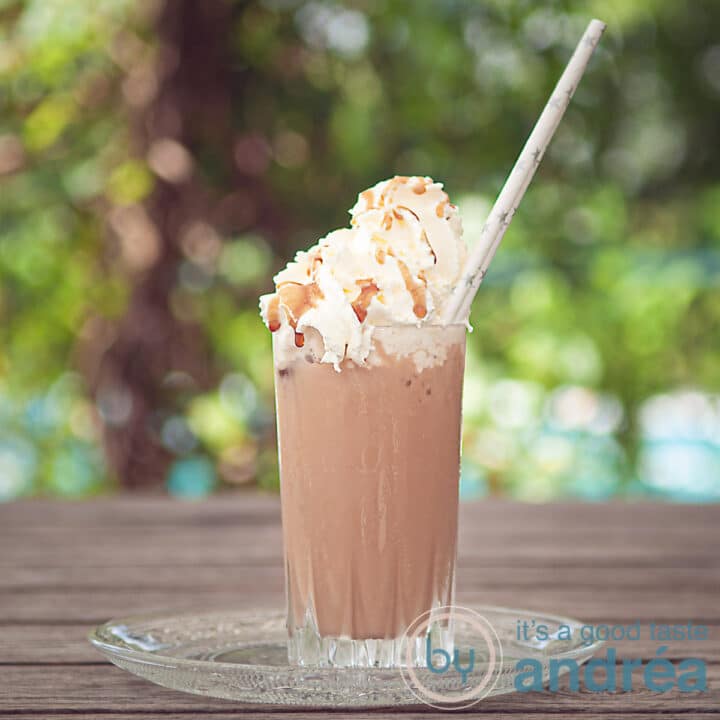 vierkant: Frappuccino op een houten tafel met slagroom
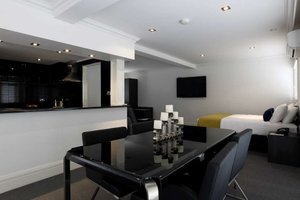 Room & Suite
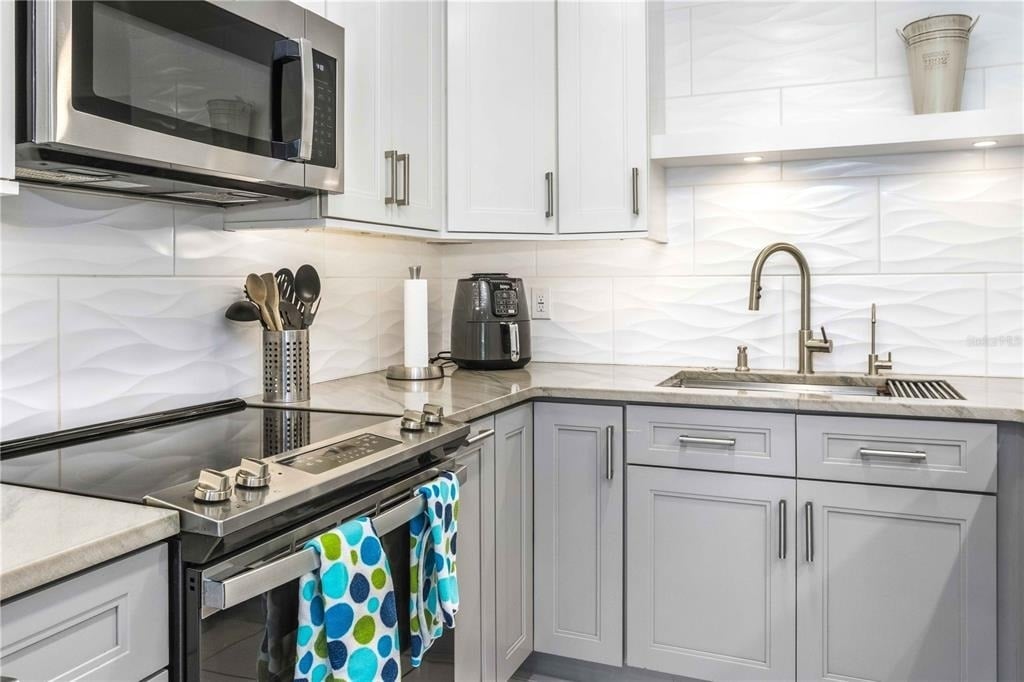 105 Island Way - Photo 10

▶ **Exercise prompt**: Write out the data above precisely. Pictures stay out.

▶ **Task answer**:
 vierkant: Frappuccino op een houten tafel met slagroom
 Room & Suite
 105 Island Way - Photo 10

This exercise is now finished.